На фото конца тридцатых курчавые волосы заметно подались назад, но главное - ушла молодость, миловидность; лицо поширело, лоб уже не просто высокий, а массивный, мощный. Густые усы и короткопалая рука с подогнутым большим пальцем прикрывают рот. Взгляд смутный или, скорее, отрешенный:  задумался или вслушивается. (“Тот, кто прислушивается, не видит”, - писал Беньямин в эссе о Кафке.) За спиной - книги.

На фотопортрете, сделанном летом тридцать восьмого, в последний из наездов к Брехту в его датское изгнание после 1933 года, Беньямин стоит перед брехтовским домом - сорокашестилетний старик в белой рубашке с галстуком, из брючного кармашка свешивается цепочка часов: раздавшаяся, грузная фигура,  напористый взгляд в объектив.

Еще на одном снимке, тридцать седьмого года, Беньямин - в Парижской национальной библиотеке. Двое мужчин -  лиц не разглядеть - за столом чуть поодаль. Беньямин - в самом центре, вероятно, делает выписки для книги о Бодлере и Париже XIX века, которой занят последние десять лет. Он заглядывает в том, который раскрыл на столе левой рукой;  глаза не видны, смотря за правый нижний край фото.

Его близкий друг Гершом Шолем описал свое первое впечатление от Беньямина в 1913 году, в Берлине, на общем митинге Сионистской молодежной группы и Еврейского отделения Свободной ассоциации немецких студентов,  лидером которого был двадцатилетний Беньямин. Он говорил “экспромтом, не глядя на слушателей,  а уставясь в дальний угол потолка, который убеждал своей горячей и свободной речью, совершенно, сколько помню, готовой для печати”.

Французы говорят о таких: un triste, сама тоска. В юности он, по воспоминаниям Шолема, отличался  от окружающих “глубокой печалью”. Сам Беньямин считал себя меланхоликом и, презирая новейшие психиатрические ярлыки, пользовался традиционной астрологией: “Я родился под знаком Сатурна - светила медлительного, планеты околичностей и отсрочек...” Его главные замыслы - опубликованная в 1928 году книга о немецкой барочной драме (Trauerspil, буквально “скорбной пьесе”) и так и не завершенный “Париж, столица XIX столетия” - непонятны, если не знать беньяминовскую теорию меланхолии.

Во все, чем занимался, Беньямин вкладывал себя, собственный характер: темперамент подсказывал ему, о чем писать. Именно так он пришел к барочной драматургии XVII века (наполнившей сцену воплощениями Сатурновой угрюмости) и авторам, о которых высказывался с наибольшим блеском - Бодлеру, Прусту, Кафке, Карлу Краусу.
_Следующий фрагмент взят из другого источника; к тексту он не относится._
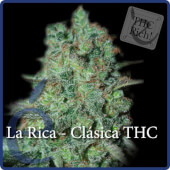 La Rica - Elite Seeds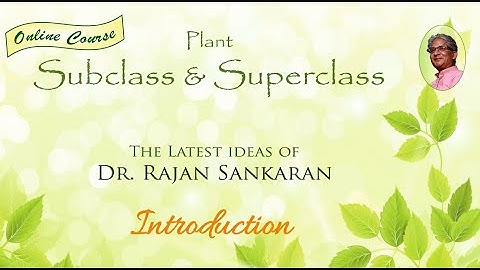 Plant Subclass   Introduction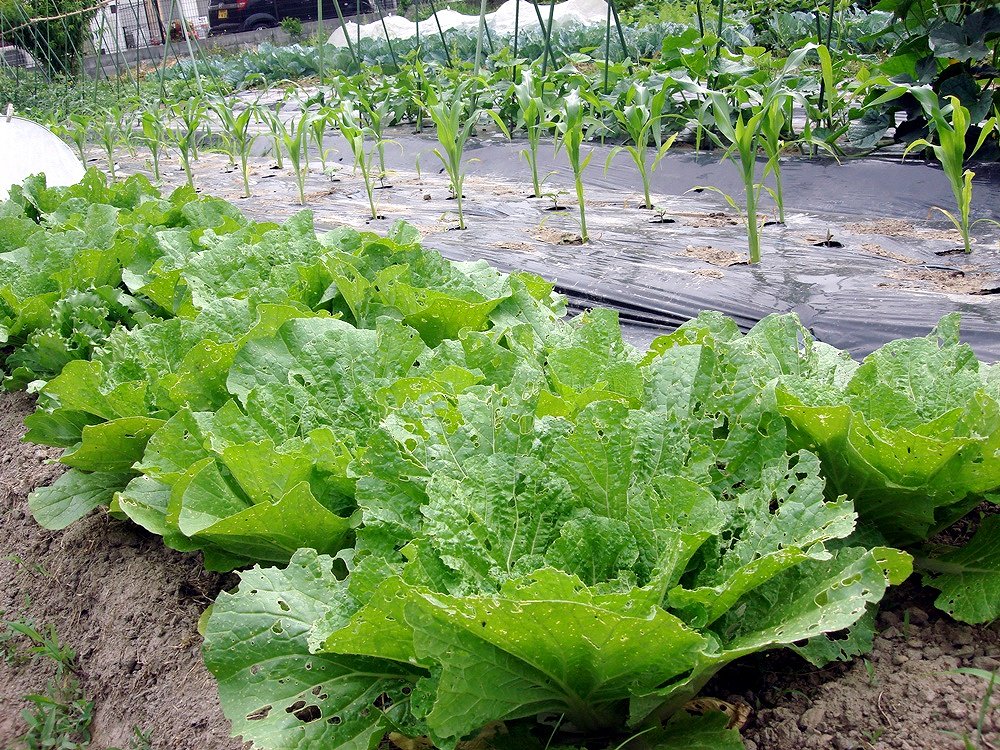 虫に食われた白菜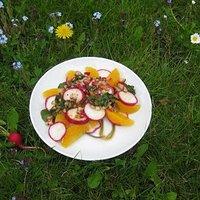 Radieschen-Orangen-Salat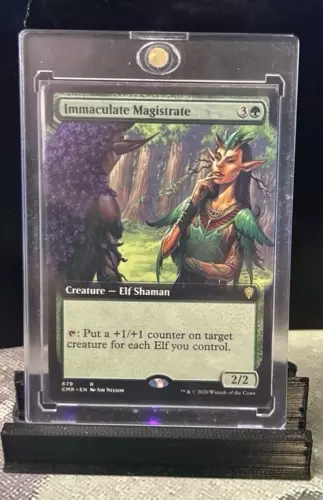 Immaculate Magistrate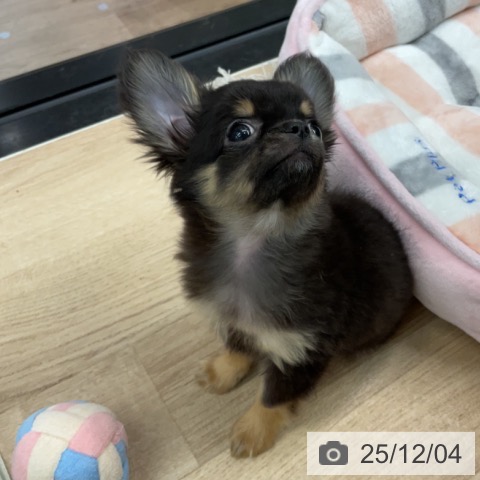 神奈川県のチワワ(ロング) (ペットプラス 武蔵小杉店/2025年9月17日生まれ/男の子/ブラックタン)の子犬の3枚目の画像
Что-то от Сатурна он находил даже в Гете. Споря с общей привычкой поверять творчество писателя его жизнью в своем большом (и пока не переведенном на английский) эссе о гетевском “Избирательном сродстве”, для самых глубоких размышлений над текстами Беньямин, тем не менее, заботливо   подбирал биографические подробности - любую деталь, в которой сказывался    меланхолик, одиночка.  (Не зря он задерживается на прустовском “одиночестве, ввергающем мир в собственный водоворот”,  объясняет, до какой степени Кафка и Клее были “по природе одиночками” и цитирует слова Роберта Вальзера об “ужасе перед успехом в жизни”). Идти к произведению от биографии автора нелепо. Но можно пойти к биографии от произведений.